Restore Search Results Aggregations Explanations Page (#585)

noah-berman · web-flow · commit c8b3ba74b607 · 2024-08-20T13:02:37.000-07:00
This page was removed in v5.4 for an unknown reason. We currently have a
broken link to it; this adds it back to our doc site.
diff --git a/docs/code_insights/explanations/search_results_aggregations.mdx b/docs/code_insights/explanations/search_results_aggregations.mdx
@@ -0,0 +1,95 @@
+# Search results aggregations
+
+In version 4.0 and later, Code Insights provides aggregations shown on the search screen.
+
+This lets you track version and license spread, library adoption, common commit messages, lengths of specific files, usage frequencies, and the [many common use case examples here](../references/search_aggregations_use_cases.md).
+
+## Available aggregations: 
+
+You can aggregate any search by: 
+
+1. The repositories with search results
+1. The files with search results (for non-commit and non-diff searches)

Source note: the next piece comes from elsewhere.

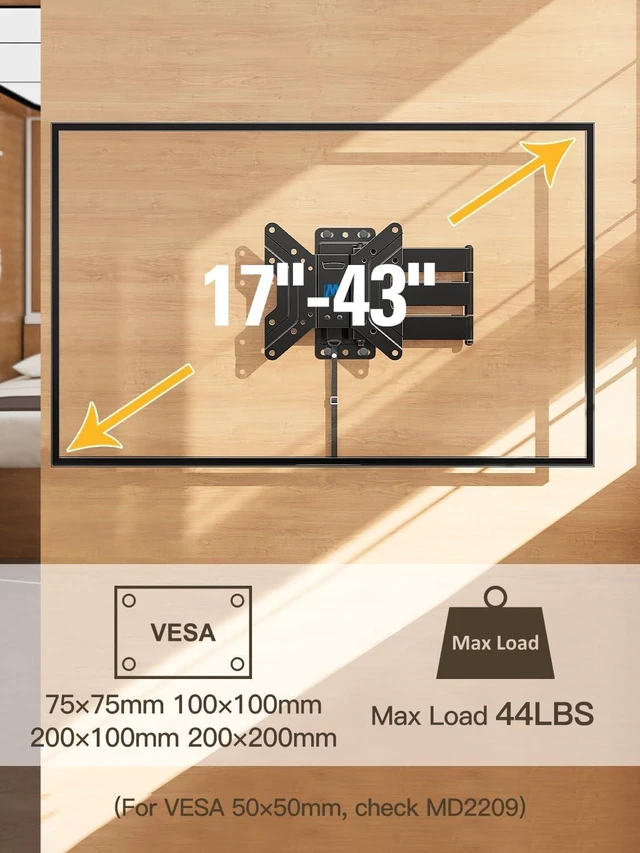 Alt view image 2 of 7 - UL Listed Lockable RV TV Mount for 17-43 TV up to 44lbs for Camper Trailer Motor Home Boat Truck, Full Motion Unique One Step Lock RV TV Wall Mount, VESA 200mm, 44 lbs, MD2210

+1. The authors who created the search results (for commit and diff searches)
+1. All found matches for the first capture group pattern (for regexp searches with a capture group)
+
+Aggregations are returned in order of greatest to least results count. 
+
+Aggregations are exhaustive across all repositories the user running the search has access to, unless the chart notes otherwise (see [Limitations](#limitations) below). 
+
+We may continue adding new aggregation categories, like date and code host, based on feedback. If there are categories you'd like to see, please [let us know](mailto:feedback@sourcegraph.com).
+
+## Feature visibility
+
+You can turn the aggregations on with the experimental feature setting: `searchResultsAggregations` in your user, org, or site settings. 
+
+You can turn off just the proactive aggregations by setting `proactiveSearchResultsAggregations` to `false`. 
+This prevents aggregations from running on every search and requires users to explicitly click to run them. 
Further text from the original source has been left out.